(Brief descriptive captions)
--------------------

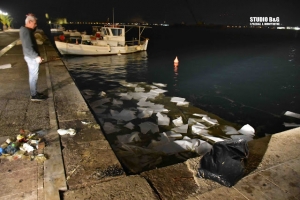 Επιφανειακή ρύπανση μικρής έκτασης στο Λιμάνι του Ναυπλίου (video - pics)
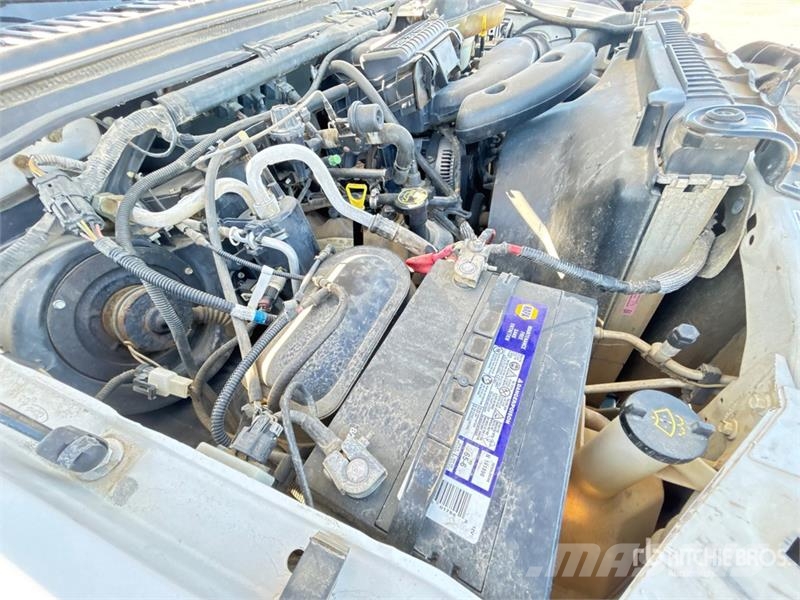 Ford F-250 4x4 Extended Cab Pickup Прочие фургоны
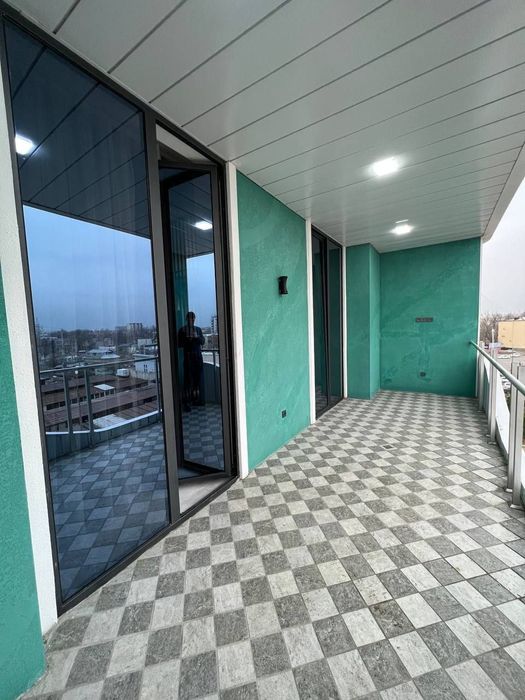 Продам 2 комнатную,Кадышева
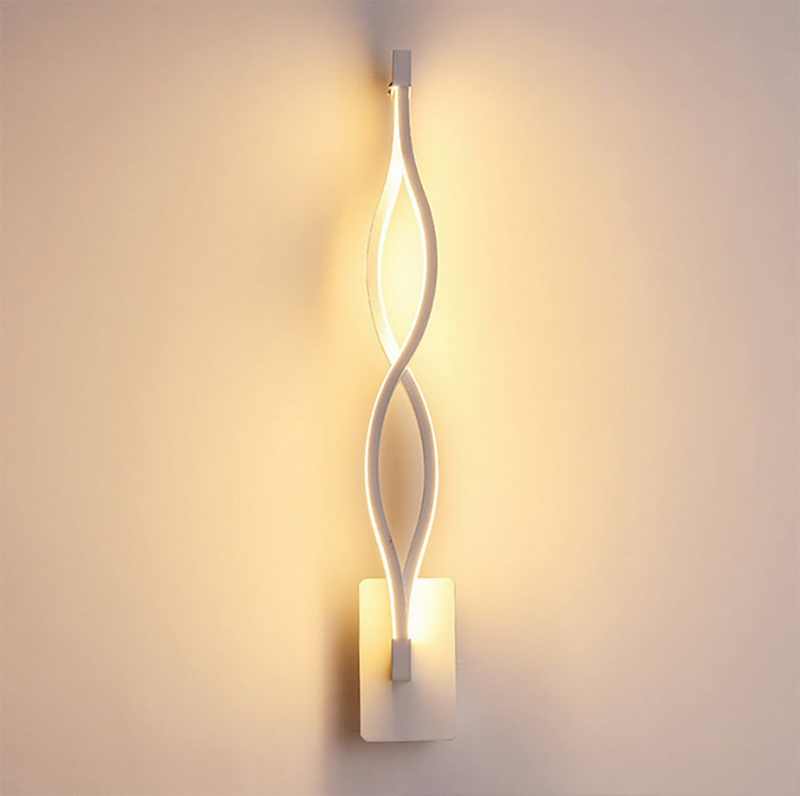 Ретро-светильники (53 фото): люстры под старину из дерева и модели в виде факелов и свеч в винтажном стиле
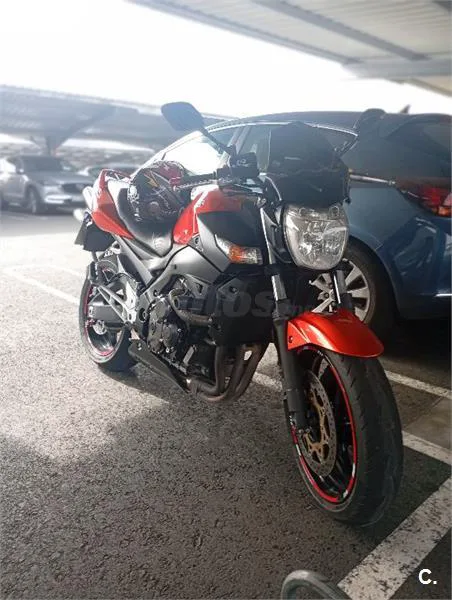 Suzuki GSR600 - Vista 7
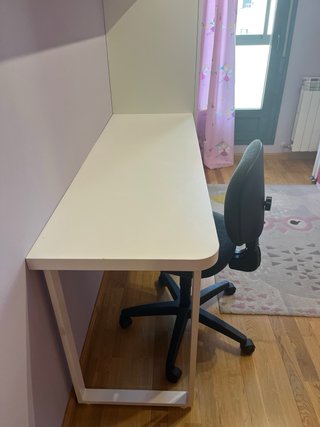 Habitación infantil completa: cama, armario y esta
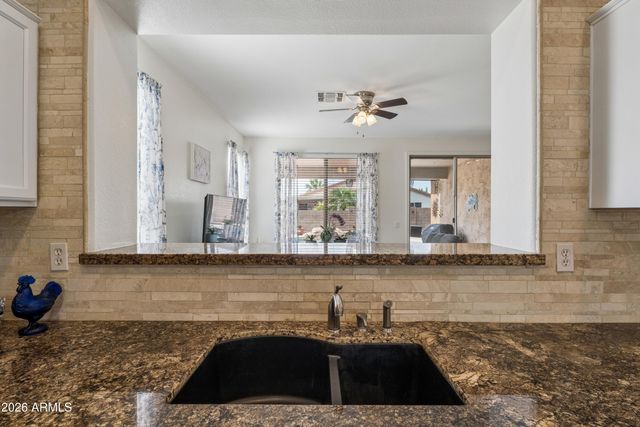 360 N BELL Place, Chandler, AZ 85225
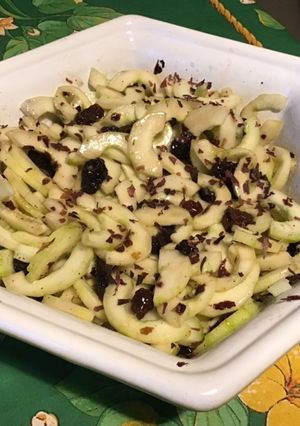 Une photo de Salade de concombres marinés aux raisins et algues dulce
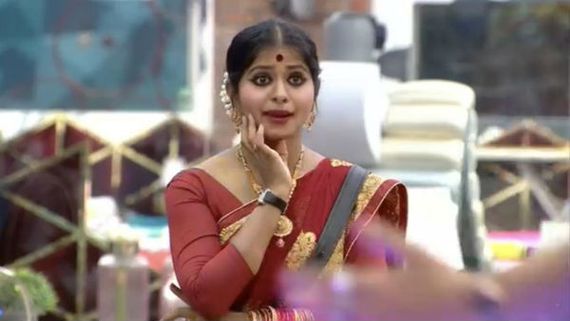 வாவ்.. சூப்பர்ப் மதுமிதா.. வேற லெவல்.. கன்னடத்து பைங்கிளியே சரோஜா தேவி தோத்துடுவாங்க சார்! 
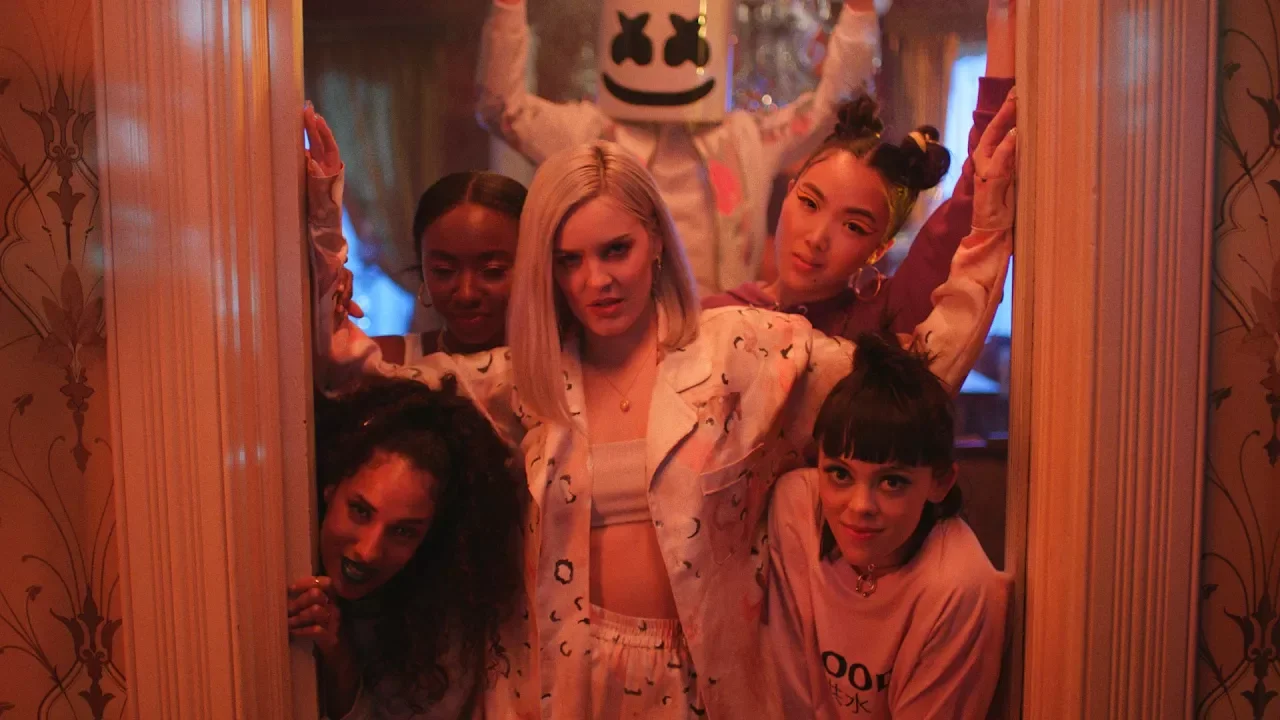 Marshmello & Anne-Marie - FRIENDS (Music Video) *OFFICIAL FRIENDZONE ANTHEM* background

--------------------

Exercise requirements: From the line with "வாவ்.. சூப்பர்ப் மதுமிதா.." down to the end of the entries, retype each line exactly as written, but drop the pictures.

Your solution:
 வாவ்.. சூப்பர்ப் மதுமிதா.. வேற லெவல்.. கன்னடத்து பைங்கிளியே சரோஜா தேவி தோத்துடுவாங்க சார்! 
 Marshmello & Anne-Marie - FRIENDS (Music Video) *OFFICIAL FRIENDZONE ANTHEM* background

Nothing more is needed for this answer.